Blood and Politics
The History of the White
Nationalist Movement From the Margins to the Mainstream
Farrar, Straus & Giroux:
622 pp., $35
This April, when the Department of Homeland Security issued a report titled “Rightwing Extremism: Current Economic and Political Climate Fueling Resurgence in Radicalization and Recruitment,” the media world was briefly ablaze debating whether it was true.
“Rightwing extremists,” the report maintained, “have capitalized on the election of the first African American president, and are focusing their efforts to recruit new members, mobilize existing supporters, and broaden their scope and appeal through propaganda.”
Citing the economic downturn, it drew parallels to the 1990s, a fertile time in the development of militia-style factions. In a footnote, “rightwing extremism” is defined broadly as applying to groups, movements and adherents that are “primarily hate-oriented” toward particular religious, racial or ethnic groups, or “are mainly anti-government, rejecting federal authority,” or may be dedicated to single issues such as opposition to abortion.
What favorable timing, then, for Leonard Zeskind’s “Blood and Politics: The History of the White Nationalist Movement From the Margins to the Mainstream,” which addresses all of these issues, provides a context in which to assess them and offers an extended look inside a little-understood cultural zone that is really a panoply of small groups.

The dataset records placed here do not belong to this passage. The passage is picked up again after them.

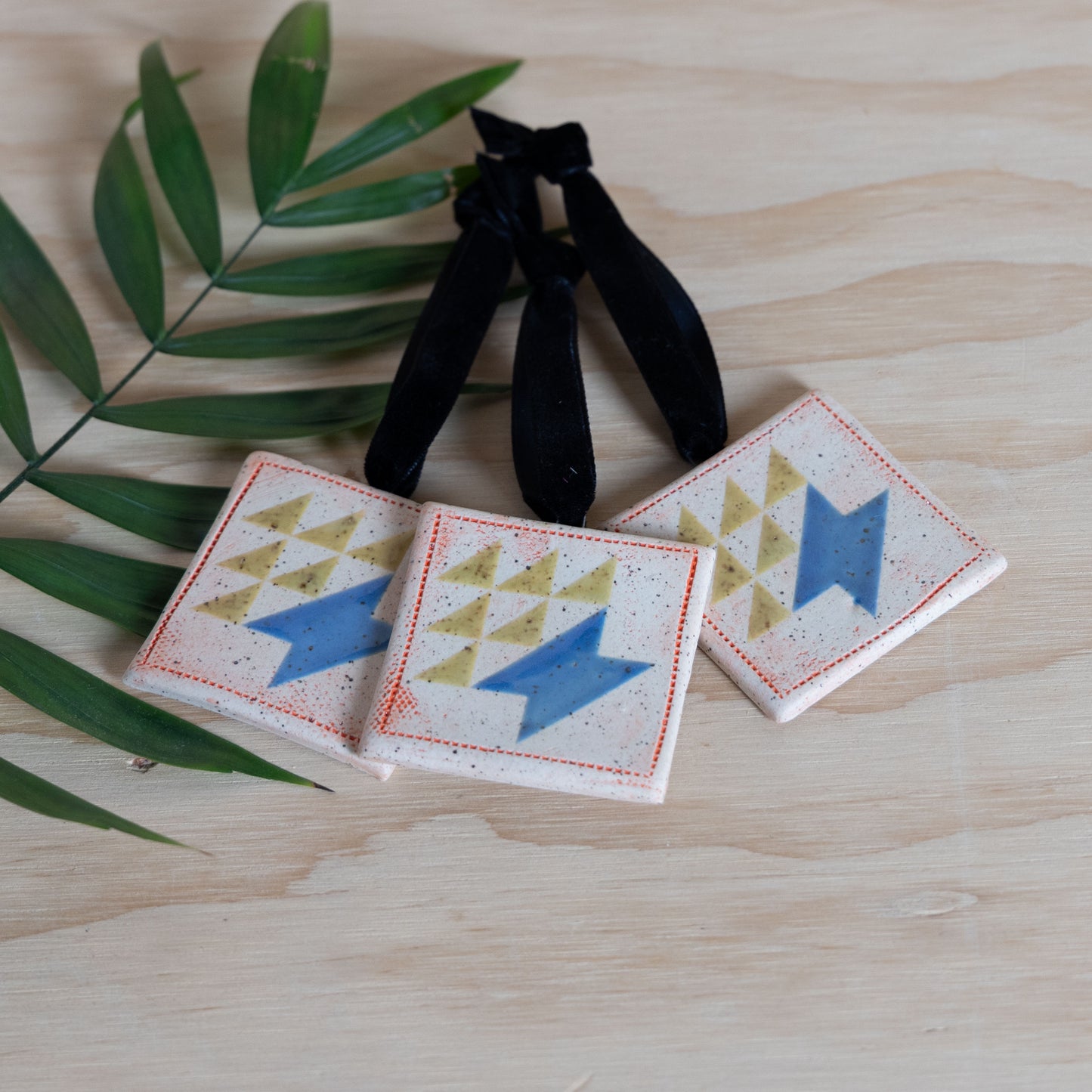 Basket Quilt Ornament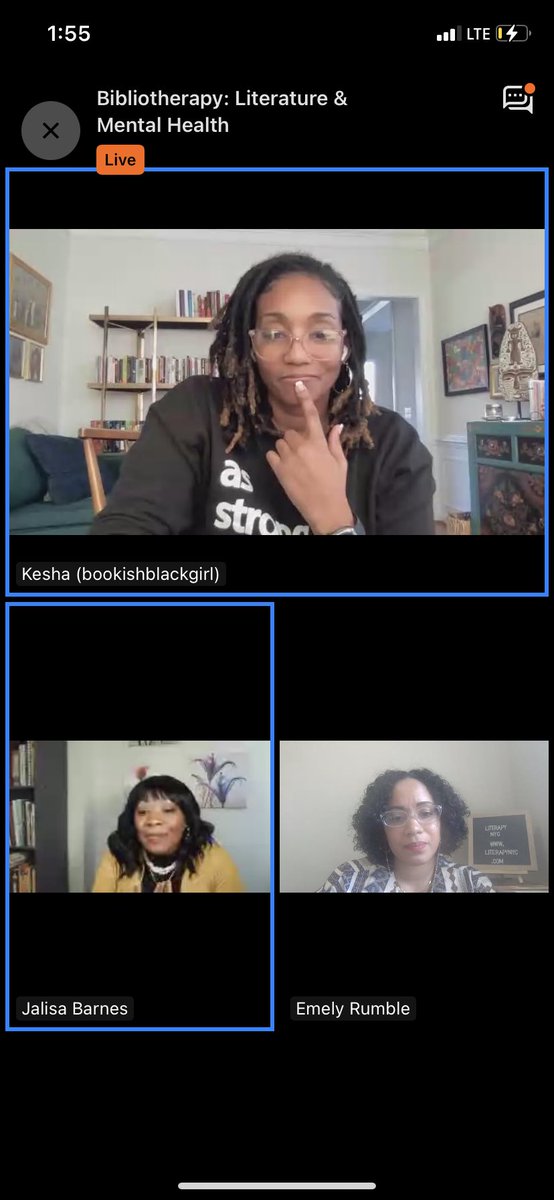 <a href="/BlackReadersCon/">Black Readers Conference</a> I learn so much during this panel! Can’t wait to use some of these great ideas and books! #therapy #book #bibliotherapy #Literature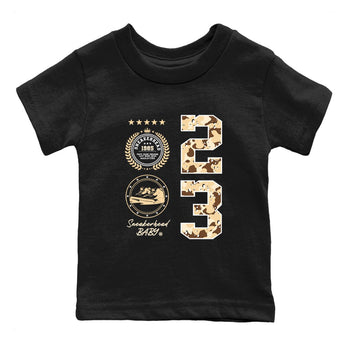 WNBA x Air Jordan 3 “Desert Camo” shirts to match jordans Sneaker Emblem sneaker match tees Air Jordan 3 Desert Camo SNRT Sneaker Release Tees Clothing Sneakerhead ShirtsBaby and Youth Black 2 cotton tee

Unless you too resent ZOG (the Zionist Occupation Government), Zeskind’s decades-long perspective will help explain why, according to the Southern Poverty Law Council, there were 926 hate groups active in the United States last year -- a 4% increase from the previous year but representing a 50% increase since 2000. Demographically speaking, this involves a tiny slice of the populace: Zeskind estimates that 30,000 men and women constitute the white nationalist hard core, with an additional 250,000-plus forming a periphery of supporters. In a country of more than 300 million people, that is one-tenth of 1%.
Zeskind tracks the white supremacist impulse, as embodied in various groups since the mid-1970s, in chronological fashion. He analyzes every twist, turn and rivalry -- historically, the groups hardly yielded a harmonious or even coherent “movement,” although there is more of one today than in the past. (In a prequel section of the book, Zeskind also traces roots stretching back into the mid-1950s.) Much of his narrative is cast around the schism between “mainstreamers” who seek to temper their message in return for broadened public support and potential electoral success, and more militant “vanguardists” who have not and often take a separatist approach.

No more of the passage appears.